**WORK INSTRUCTIONS:**
The required copy runs from the first line of the material through the line containing "Los Auténticos Decadentes", exactly as written and without pictures.

**INFORMATION SHOWN:**
┌──
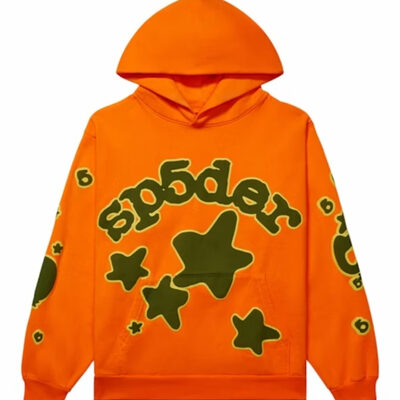Sp5der Beluga Hoodie Orange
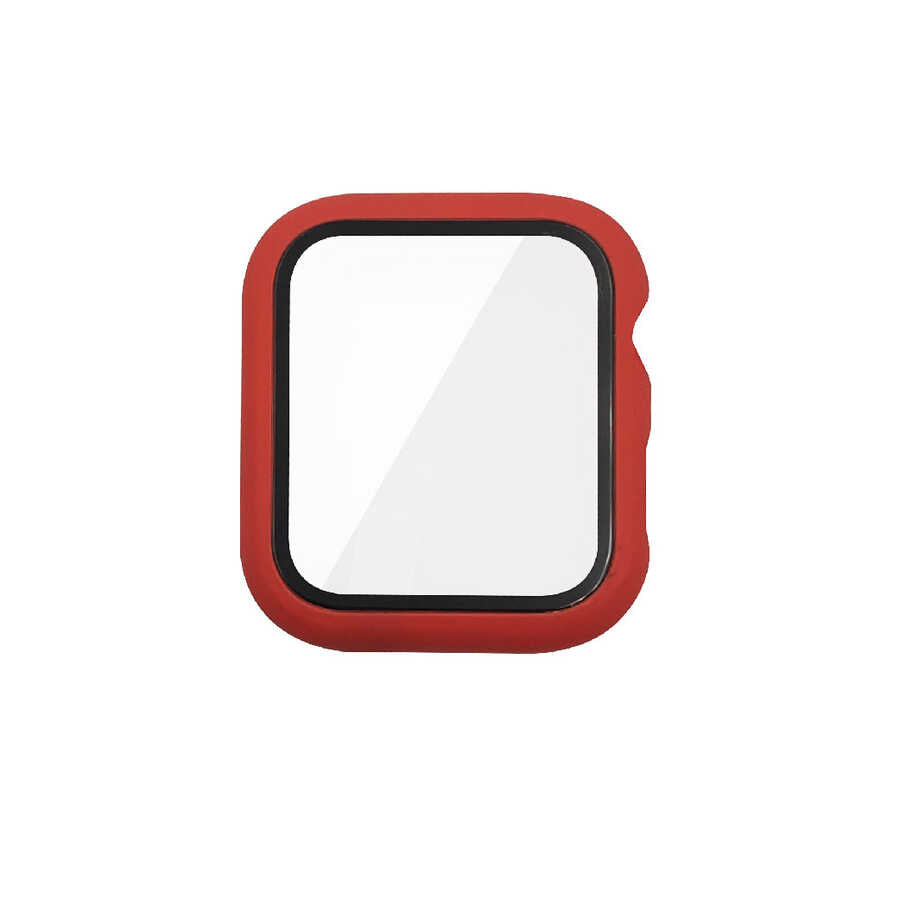 Apple Watch 40mm Zore Watch Gard 07 Sert PC Koruyucu Kırmızı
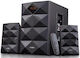 Fenda A180X Αυτοενισχυόμενα Ηχεία με Bluetooth 42W (Ζεύγος) Μαύρα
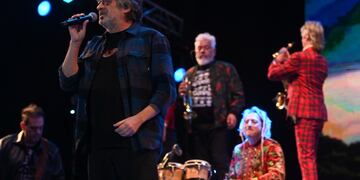 Los Auténticos Decadentes en la Fiesta de la Cerveza de Mendoza.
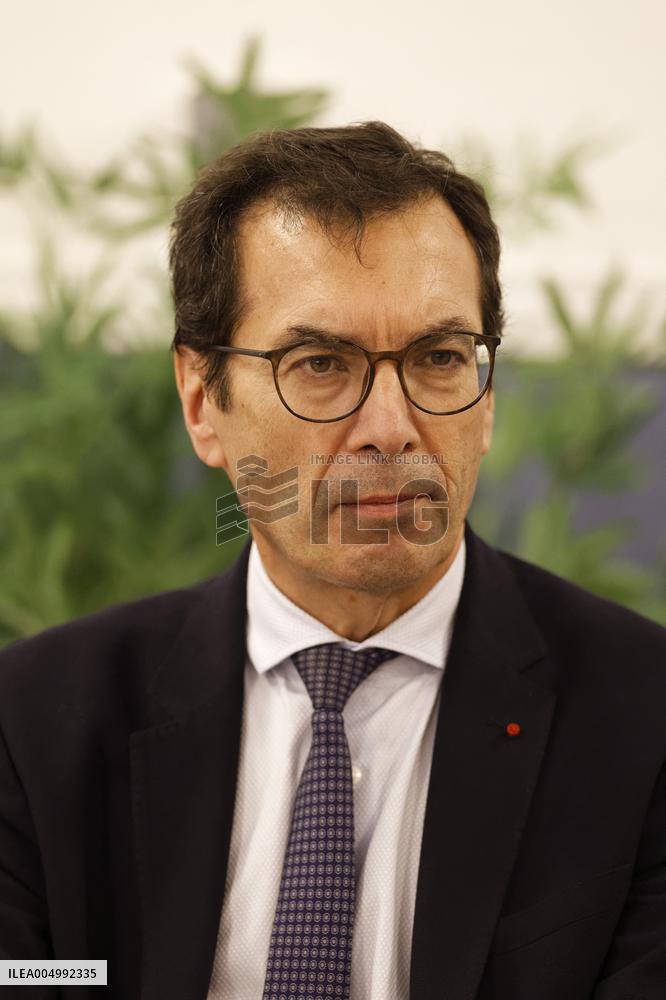 Jean-Pierre Farandou Visits To EPIDE - Margny-les-Compiegne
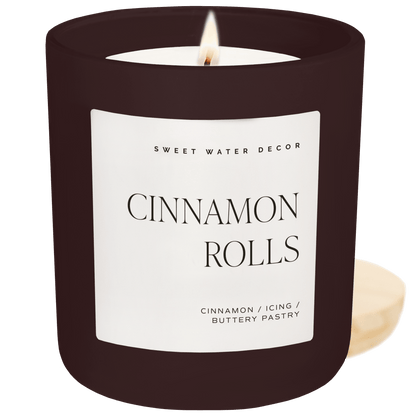 Cinnamon Rolls Soy Candle - Brown Matte Jar - 15 oz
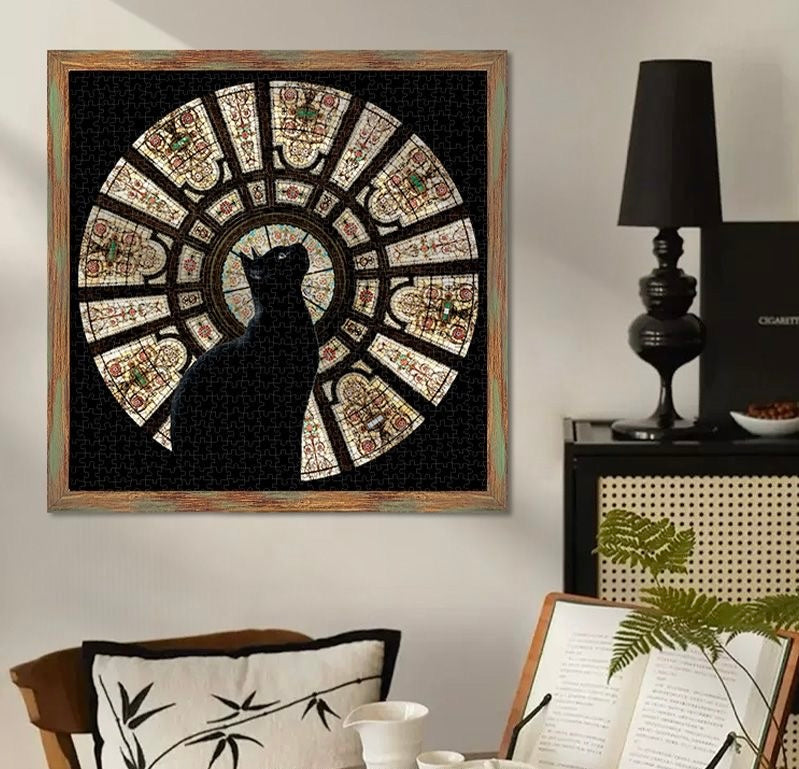 Botop Cathedral Cat 1000 Piece Jigsaw Puzzle Botop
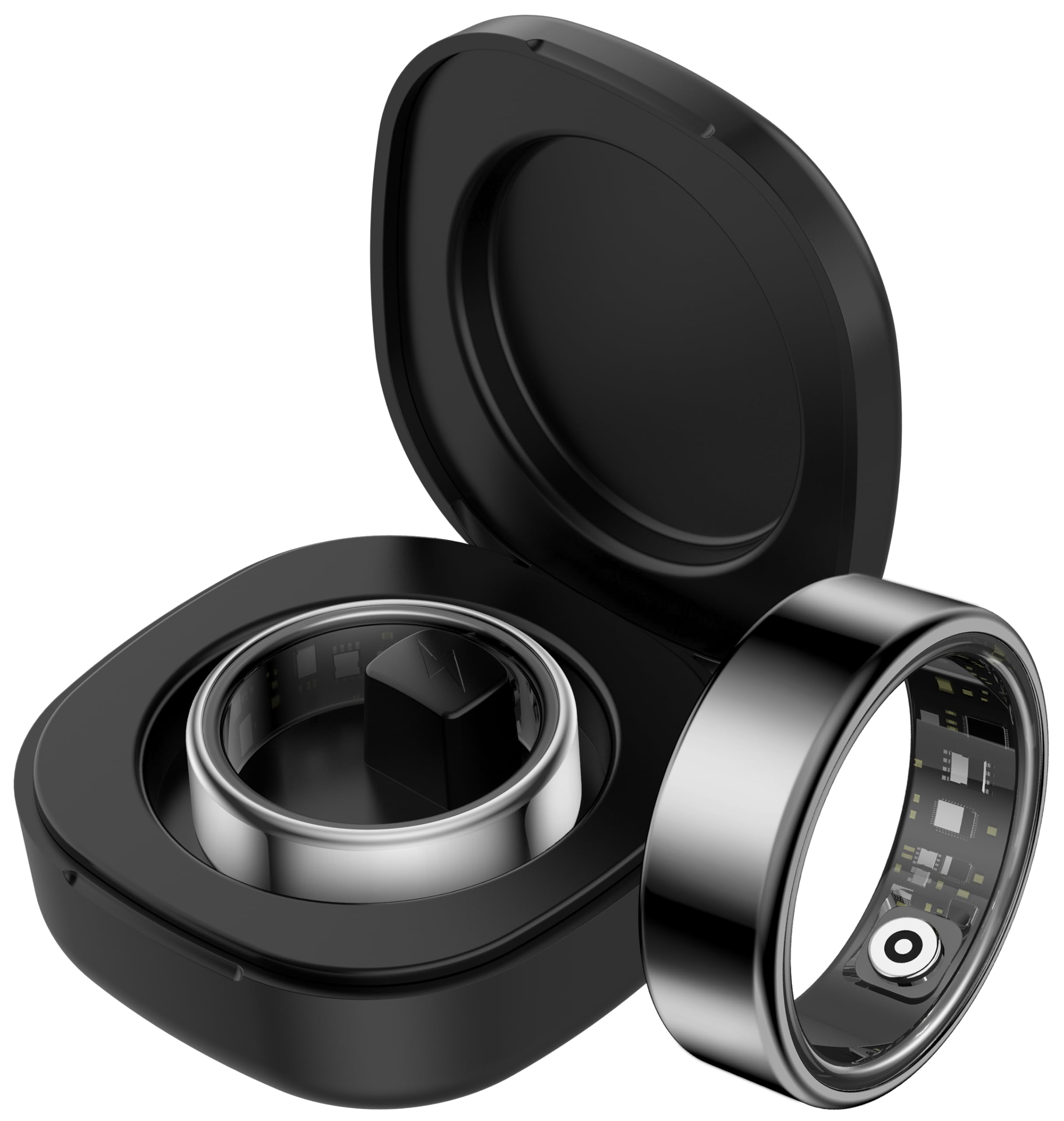Smart Ring Heart Rate Monitor Sleep Tracker Fitness Ring Blood Pressure Fitness Tracker Pedometer Calories Step Counter Health Smart Rings for Men Women with Charging Case-image-18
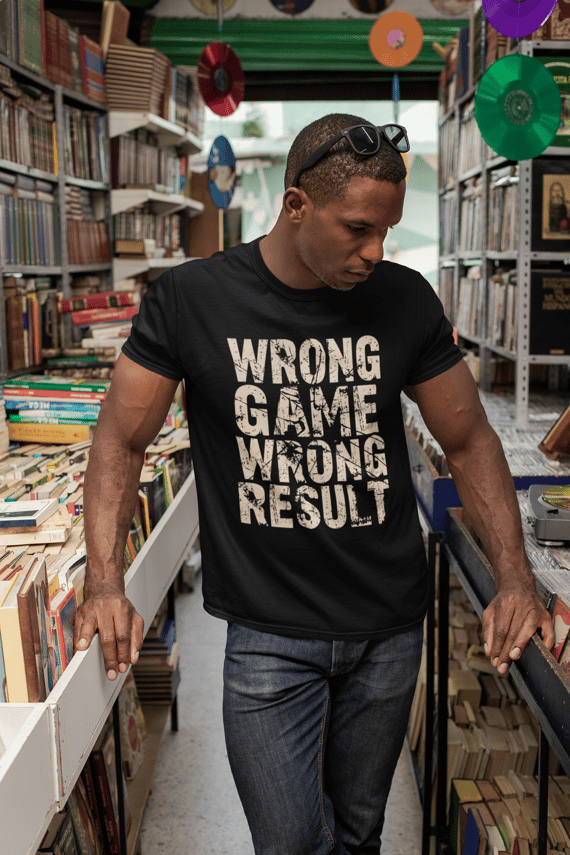Camiseta Prime Wrong Game Wrong Result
└──
**WORKED SOLUTION:**
Sp5der Beluga Hoodie Orange
 Apple Watch 40mm Zore Watch Gard 07 Sert PC Koruyucu Kırmızı
 Fenda A180X Αυτοενισχυόμενα Ηχεία με Bluetooth 42W (Ζεύγος) Μαύρα
 Los Auténticos Decadentes en la Fiesta de la Cerveza de Mendoza.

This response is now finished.